"Asian and non-Asian authors debate the desirability of democracy in East Asia... The two editors... do an excellent job introducing the issues, ideas, and approaches of the fifteen authors."—Foreign Affairs

Over the next few decades East Asia is likely to be the most critical arena in the global struggle for democracy. A region of remarkable diversity that has achieved unparalleled economic growth, East Asia is viewed as a model by many developing countries in other parts of the world. Though some of its most successful countries are democratic, East Asia is also home to nondemocratic regimes that can claim enviable records of both political stability and economic growth. Some of these regimes have helped to launch a global debate about whether "Asian values" conducive to growth and stability may be incompatible with Western-style liberal democracy.

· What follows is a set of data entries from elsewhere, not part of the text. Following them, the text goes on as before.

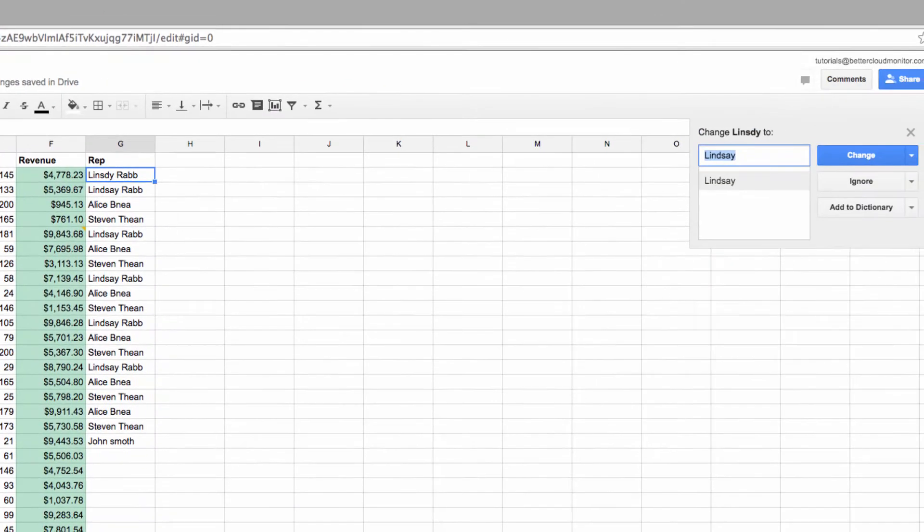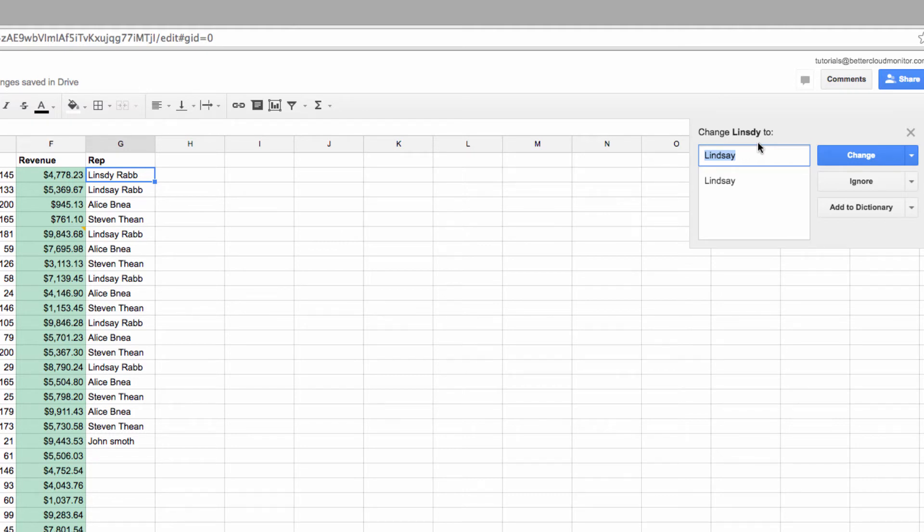Now a dialog box is going to pop up on your screen that will display your errors, with suggestions as to how to correct them displayed underneath. For each word, you have the option to either accept the change, ignore it, or add it to your dictionary.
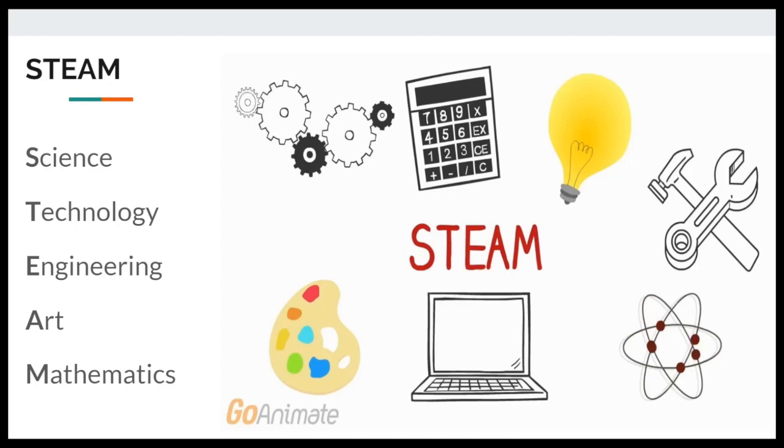STEAM. STEAM is an acronym that stands for five core subject areas: science, technology, engineering, arts, and mathematics.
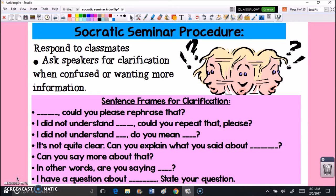There are a couple of procedures to prepare for Socratic seminar — mostly discussion techniques to use when engaging in it. The first is responding to classmates. If you're not responding to classmates, it's not really a discussion. One way to respond is to ask speakers for clarification whenever you're confused or want more information. If somebody makes a comment you don't understand, ask a follow-up question — ask them to expand, rephrase, or clarify.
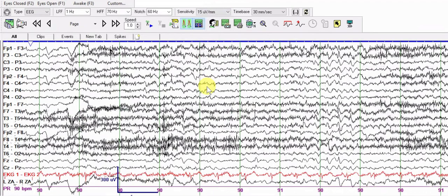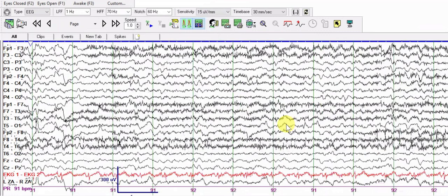You should monitor the ECG rate — here it is 90 beats per minute. Keep an eye on whether the ECG is regular and what the rate is. This is a 24-year-old patient with cognitive delay and intellectual disability, and there is a lot of slowing in the background.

This volume of essays by leading North American and Asian scholars provides a comprehensive look at key themes relating to democracy in East Asia today. The contributors explore the "Asian values" debate, East Asia's democratic experience, the effort to consolidate East Asia's new democracies, and prospects for democratic transitions among the region's remaining authoritarian regimes.


Frederick Z. Brown, Chai-Anan Samudavanija, Joseph Chan, Yun-han Chu, Gerald L. Curtis, Wm. Theodore de Bary, Larry Diamond, Francis Fukuyama, Makoto Iokibe, Bilahari Kausikan, Byung-Kook Kim, R. William Liddle, Gordon P. Means, Margaret Ng, Tatsumi Okabe, Parichart Chotiya, Minxin Pei, Marc F. Plattner, Robert Scalapino.


Larry Diamond, senior fellow at the Hoover Institution, and Marc F. Plattner, counselor at the National Endowment for Democracy, are codirectors of the International Forum for Democratic Studies. They are also coeditors of the Journal of Democracy.